> **What to work on**
In the material below, find the line with "Corinne Lepage milite" and the line with "百舸争流展风采，新荷初绽竞芳菲 ——翟王镇中心小学开展青年教师达标课活动". Output exactly those two lines and all lines between them, leaving out pictures.
================================
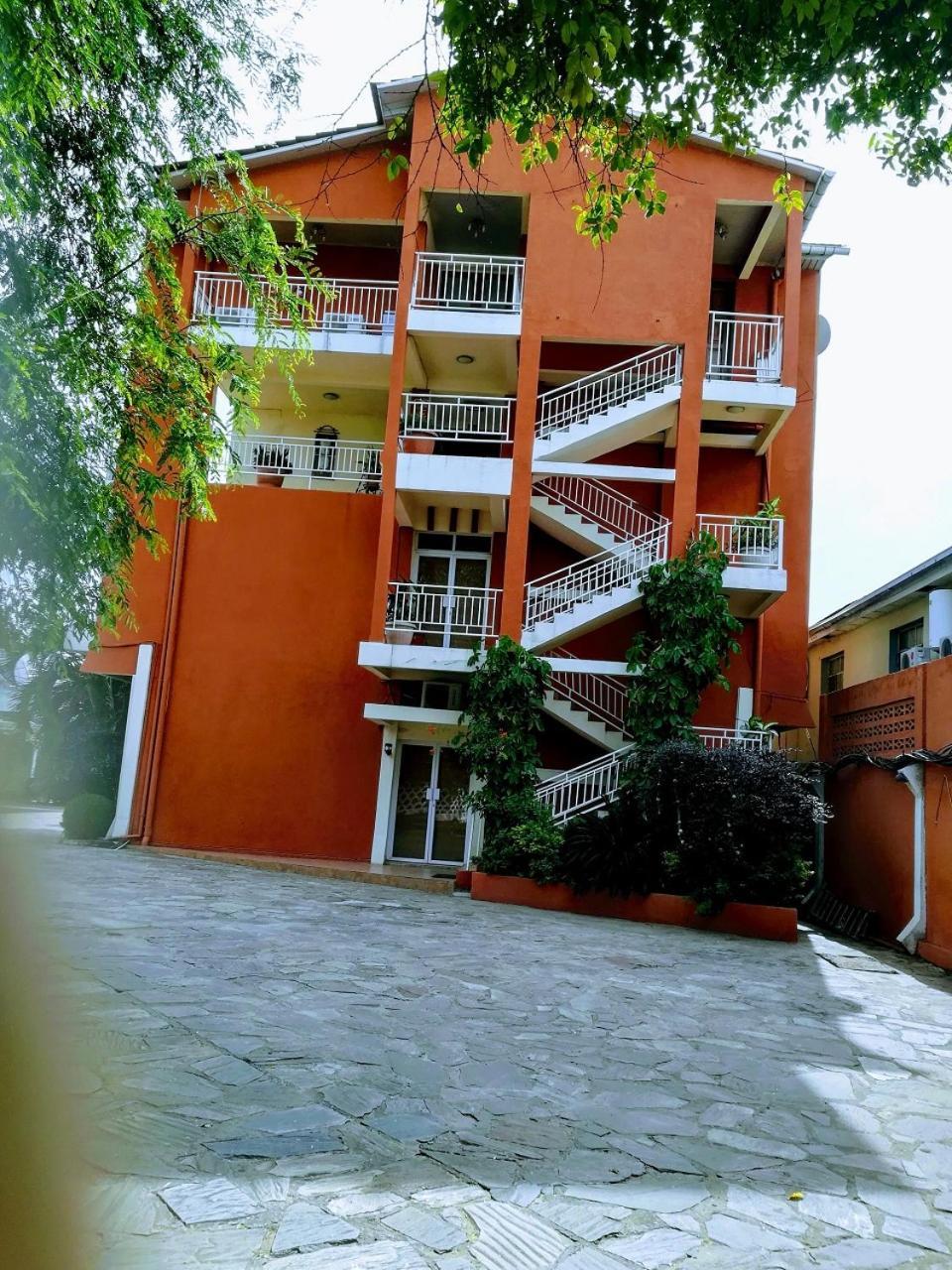 Hotel Vivi Palace Matadi Екстериор снимка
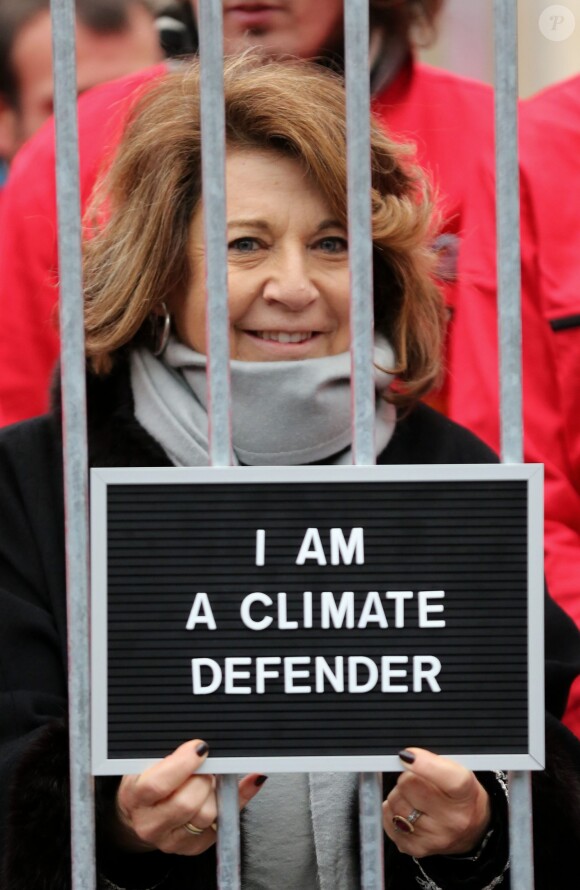 Corinne Lepage milite devant le Palais Royal à Paris, en faveur des 28 militants de Greenpeace retenus en Russie, le 15 novembre 2013.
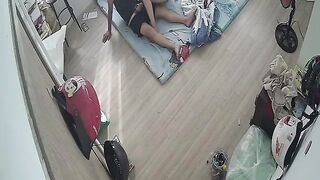 Hack cam nhà cặp vợ chồng dâm trưa ôm nhau nứng quá đè ra đụ luôn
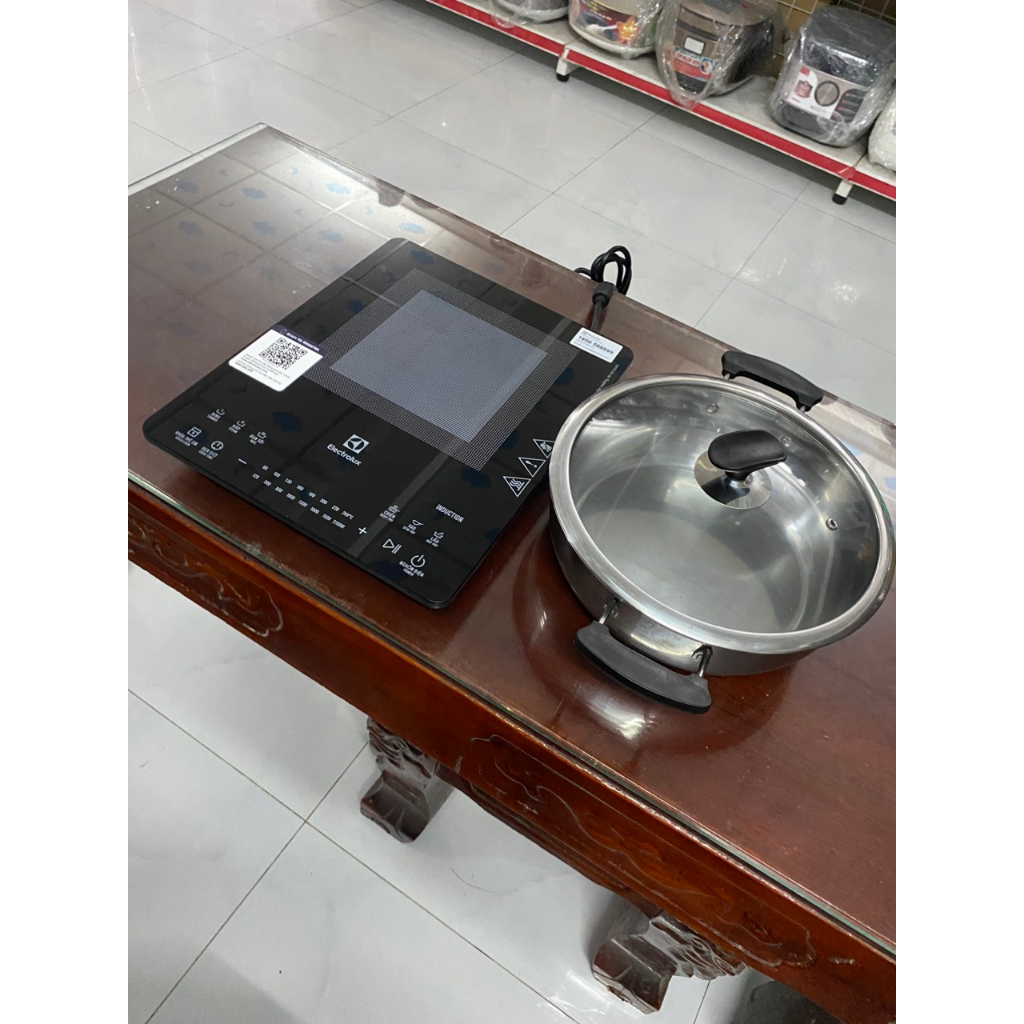 Bếp từ Electrolux ETD42SKS - Hàng trưng bày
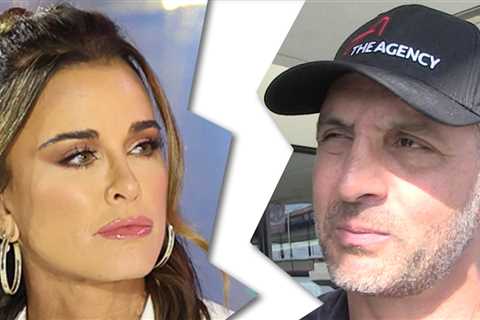 'RHOBH' Kyle Richards and Mauricio Umansky Reportedly Split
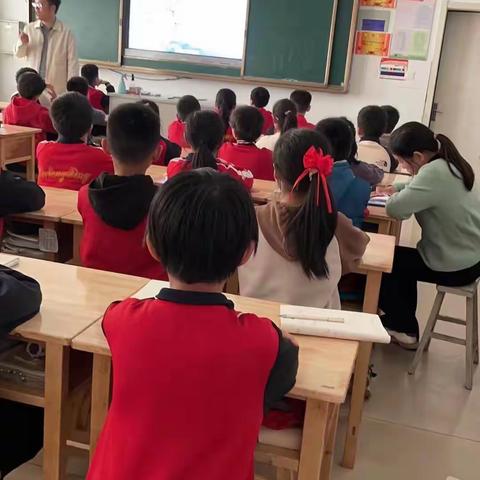 百舸争流展风采，新荷初绽竞芳菲 ——翟王镇中心小学开展青年教师达标课活动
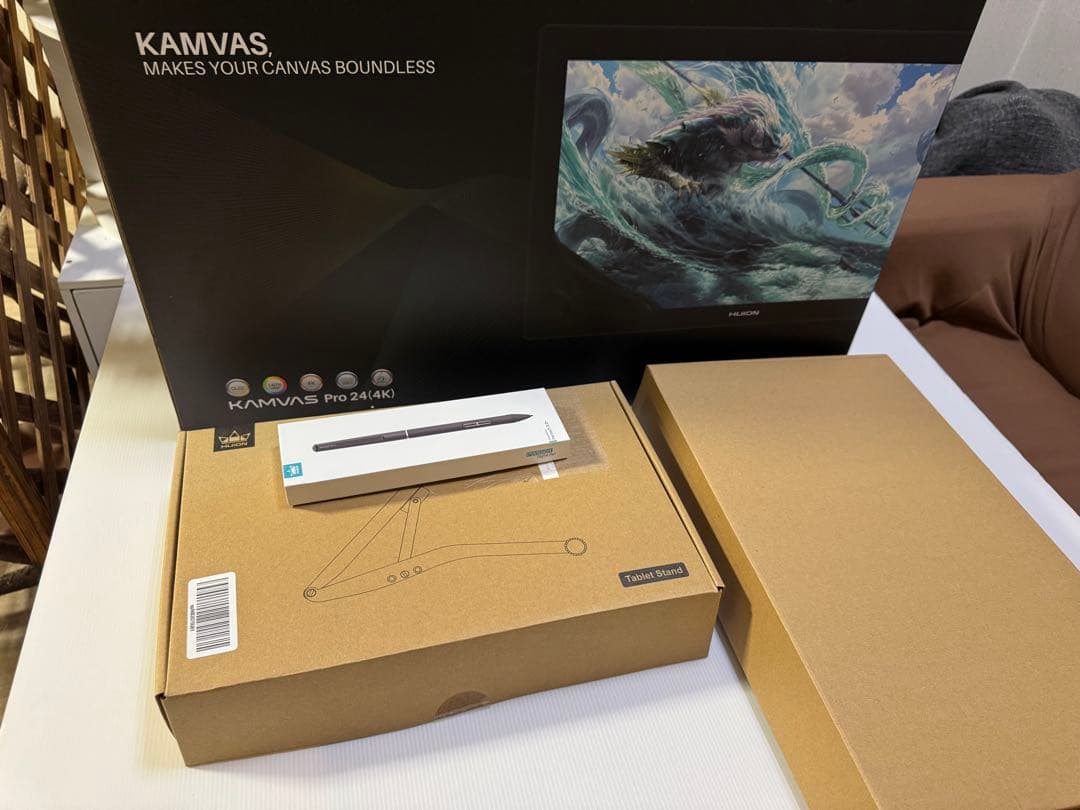 HUION Kamvas ＰＲＯ24（4K）液晶ペンタブレット本体 と付属品あり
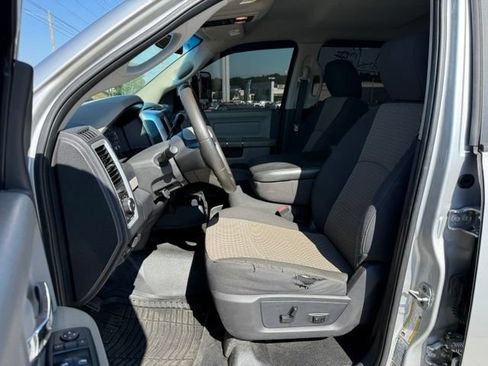 Used 2011 RAM 3500 SLT w/ Protection Group AWD/4WD image 19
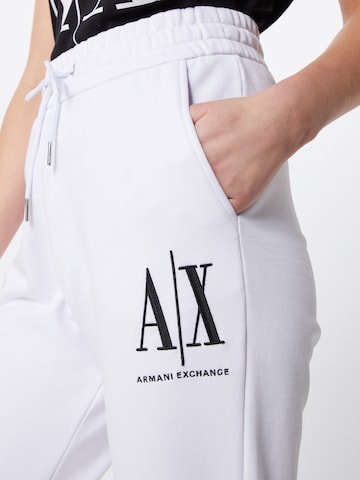 ARMANI EXCHANGE Tapered Housut '8NYPCX' värissä valkoinen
================================
> **Task solution**
 Corinne Lepage milite devant le Palais Royal à Paris, en faveur des 28 militants de Greenpeace retenus en Russie, le 15 novembre 2013.
 Hack cam nhà cặp vợ chồng dâm trưa ôm nhau nứng quá đè ra đụ luôn
 Bếp từ Electrolux ETD42SKS - Hàng trưng bày
 'RHOBH' Kyle Richards and Mauricio Umansky Reportedly Split
 百舸争流展风采，新荷初绽竞芳菲 ——翟王镇中心小学开展青年教师达标课活动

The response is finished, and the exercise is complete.